§ PROBLEM TO WORK ON
Only the lines from the one containing "Versace Lancora Crop T-shirt White And Navy 7" through the end of the material should be printed, exactly as they appear. Leave out pictures.

§ GIVEN DATA
■ ■ ■ ■ ■
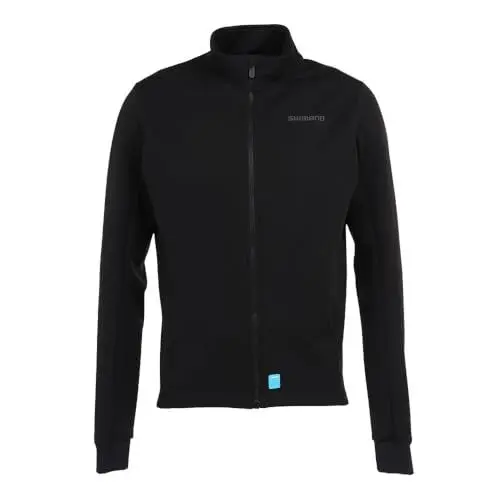 Produktbild: SHIMANO Herren Cycling Radjacke schwarz – winddicht, wasserabweisend & warm – Rennrad Jacke mit Rückentaschen – Größe M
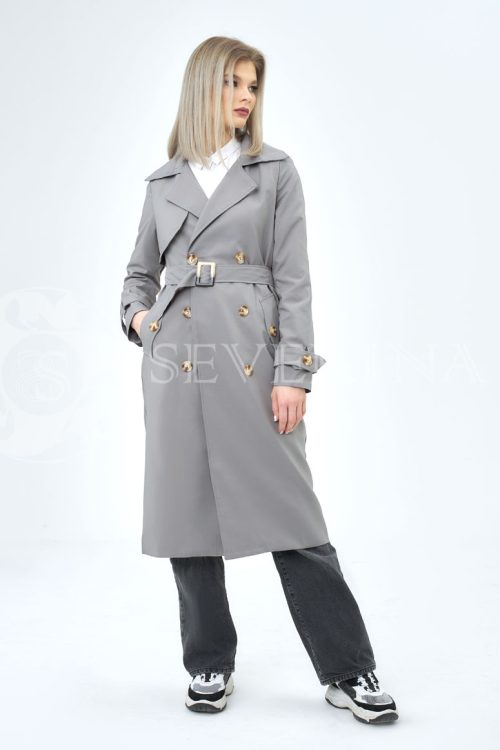 seryj trench 500x750 - Пальто-рубашка из мягкой ткани серого цвета ЯВ-063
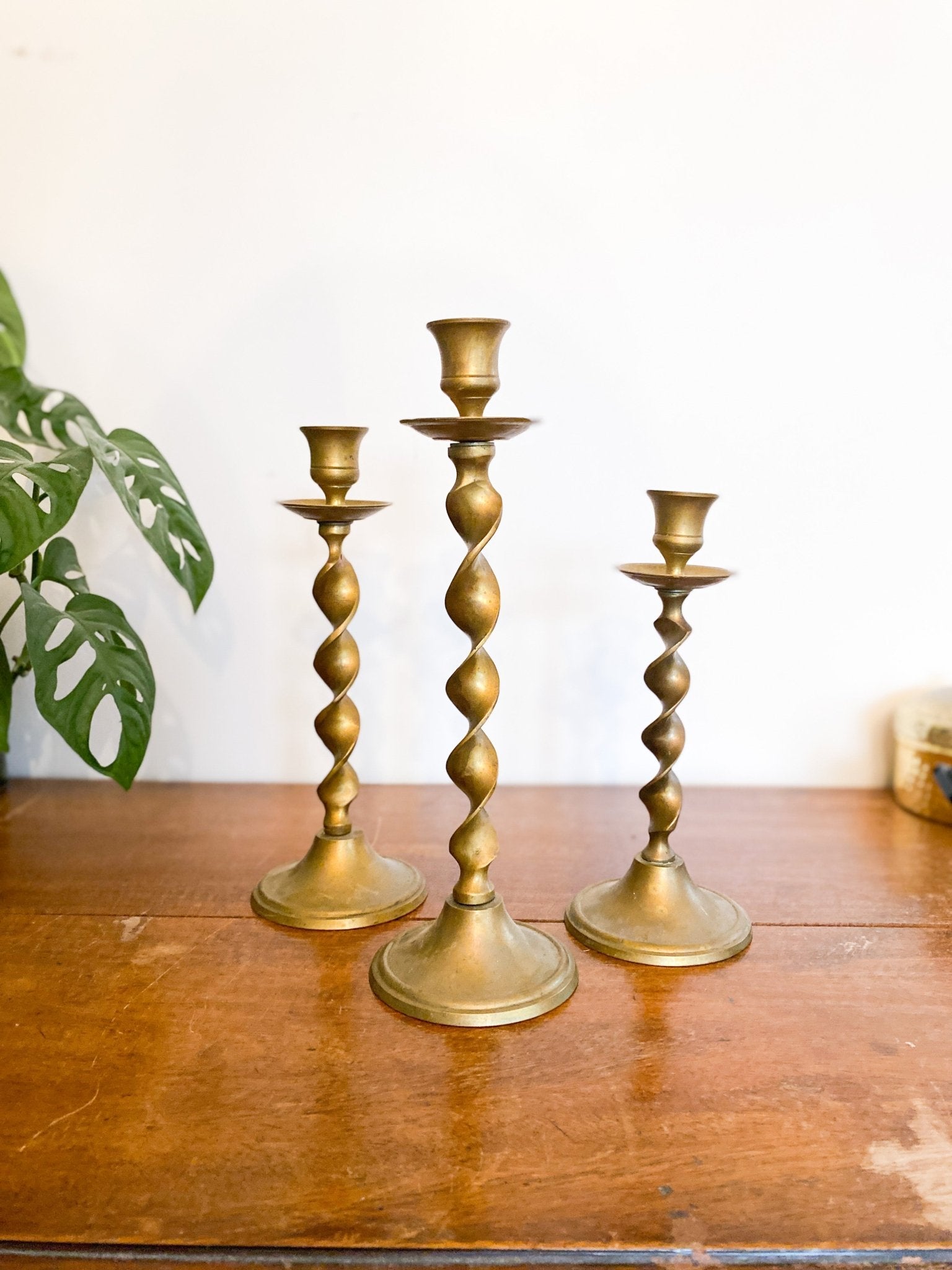 Solid Brass Barley Twist Candlestick Holder - Perth Market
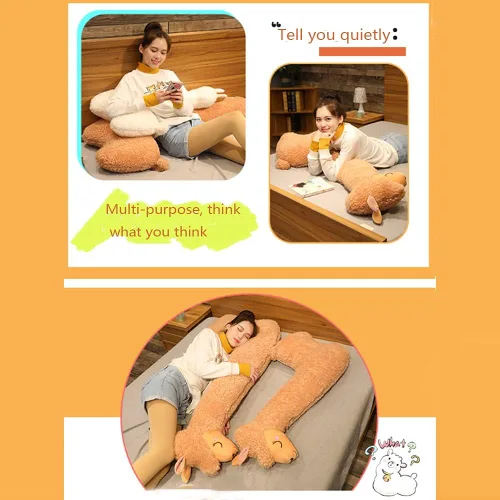 Miniatura 3 de OUKEYI Almohada de cuerpo largo de felpa de alpaca gigante con diseño de llama, almohada larga de peluche de alpaca esponjosa, regalo de Navidad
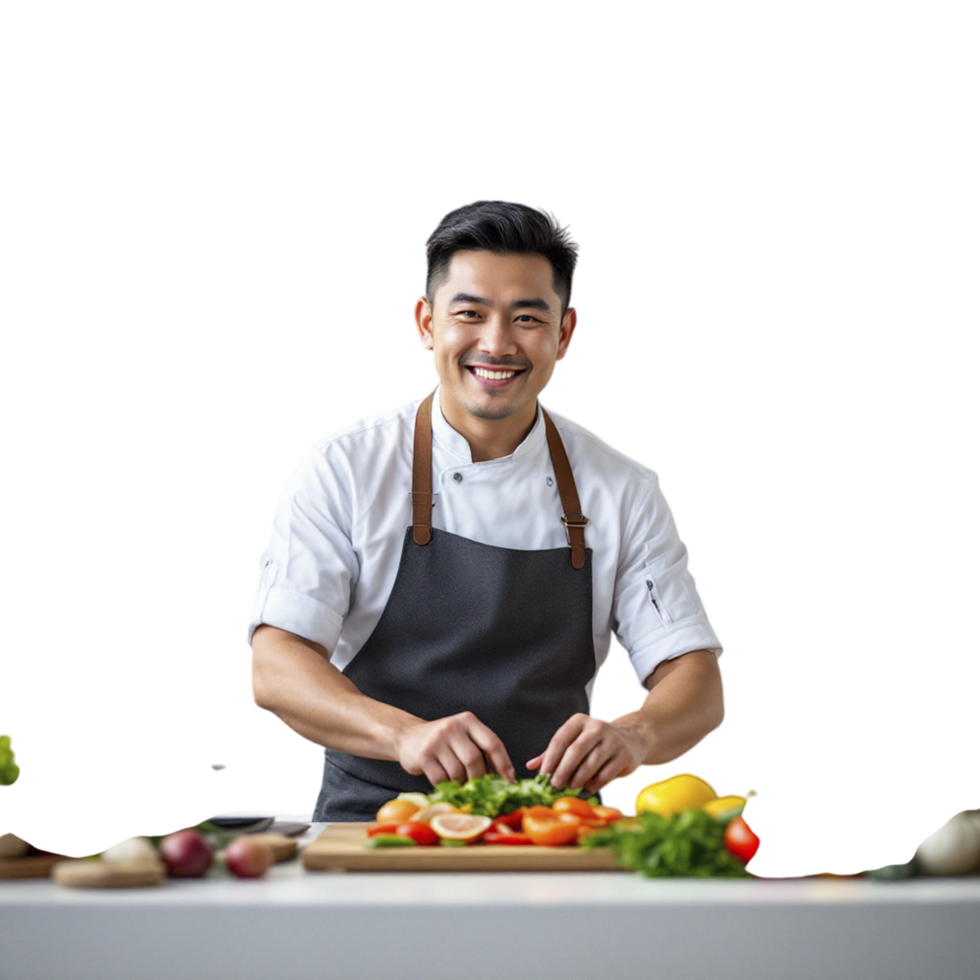 Chef asian man smiling while cutting vegetables on a cutting board png
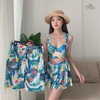 Bikini 2 mảnh nâng ngực mix chân váy họa tiết tropical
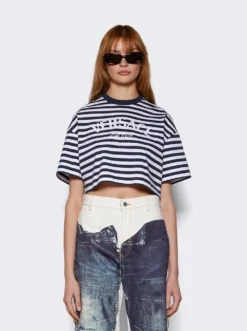 Versace Lancora Crop T-shirt White And Navy 7 Versace Lancora Crop T-shirt White And Navy -Artemides shop 1014237 1A10133 03 1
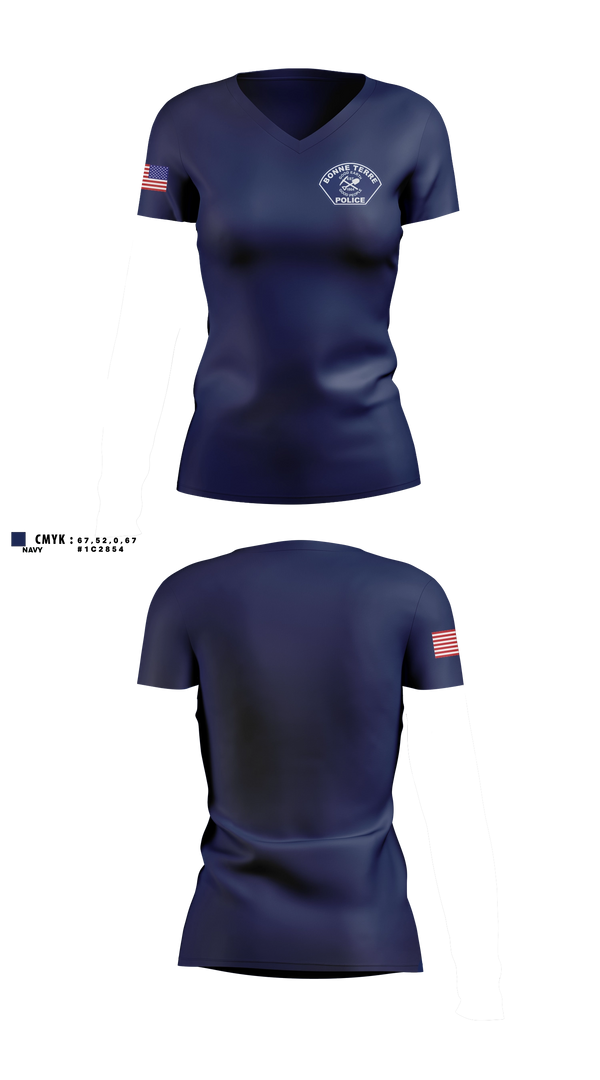 Bonne Terre PD Women's Short Sleeve V-neck Shirt - 11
■ ■ ■ ■ ■
§ ANSWER TO THE PROBLEM
 Versace Lancora Crop T-shirt White And Navy 7 Versace Lancora Crop T-shirt White And Navy -Artemides shop 1014237 1A10133 03 1
 Bonne Terre PD Women's Short Sleeve V-neck Shirt - 11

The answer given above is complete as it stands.